* DATA BELOW *
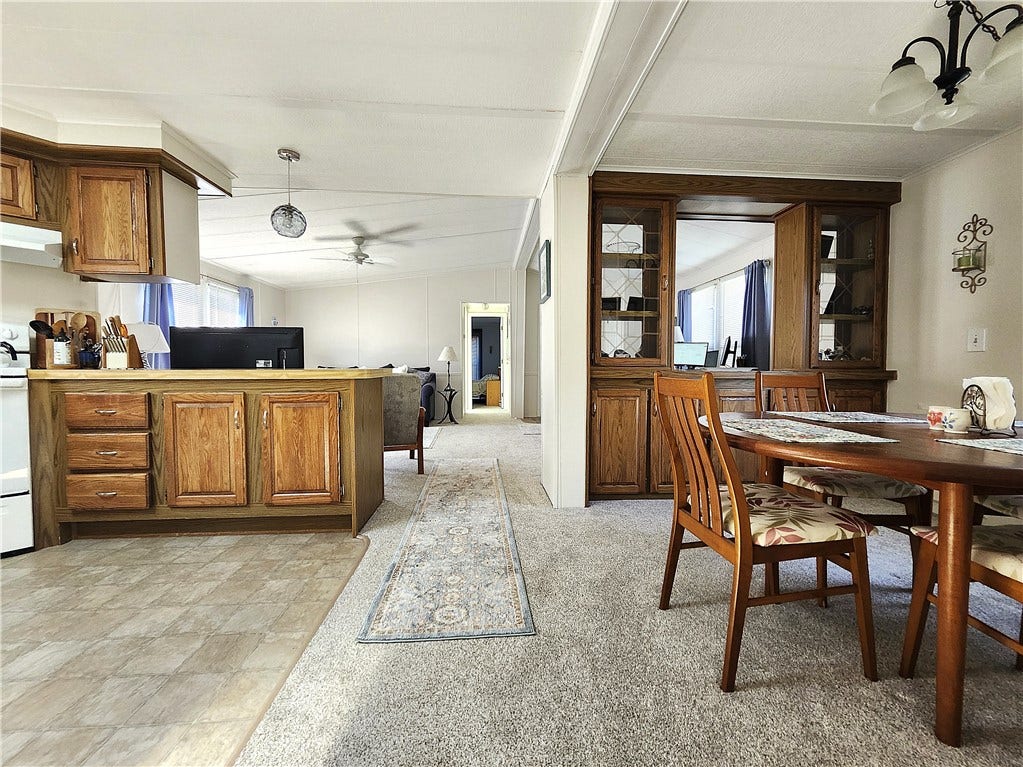 158 Holiday Court, South Kingstown, RI 02879 158 Holiday Court, South Kingstown, RI 02879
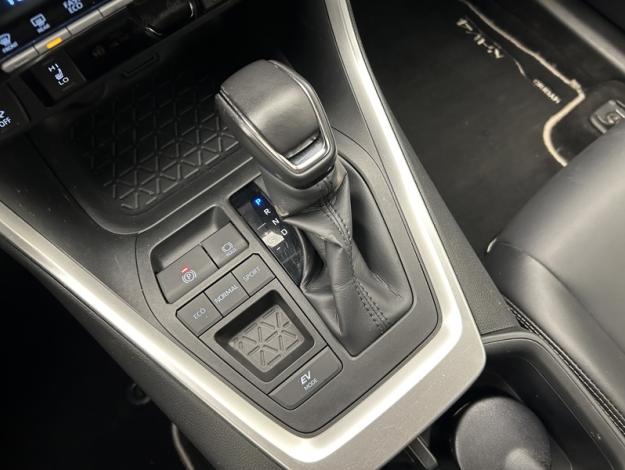 TOYOTA RAV4 2WD Dynamic business  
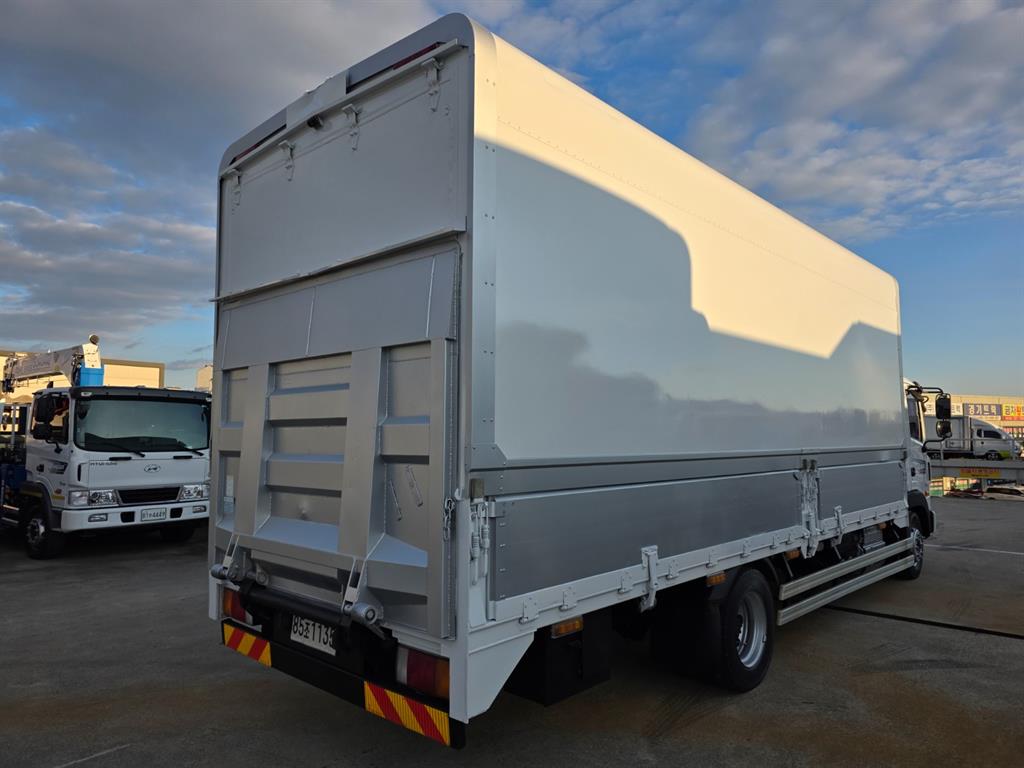 현대 메가트럭 윙바디 5톤 수동 5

* WHAT IS NEEDED *
Everything from the line with "TOYOTA RAV4 2WD Dynamic business" through the last line of the listing should be retyped exactly, with both end lines kept and the pictures left out.

* SOLUTION FOR THIS EXERCISE *
 TOYOTA RAV4 2WD Dynamic business  
 현대 메가트럭 윙바디 5톤 수동 5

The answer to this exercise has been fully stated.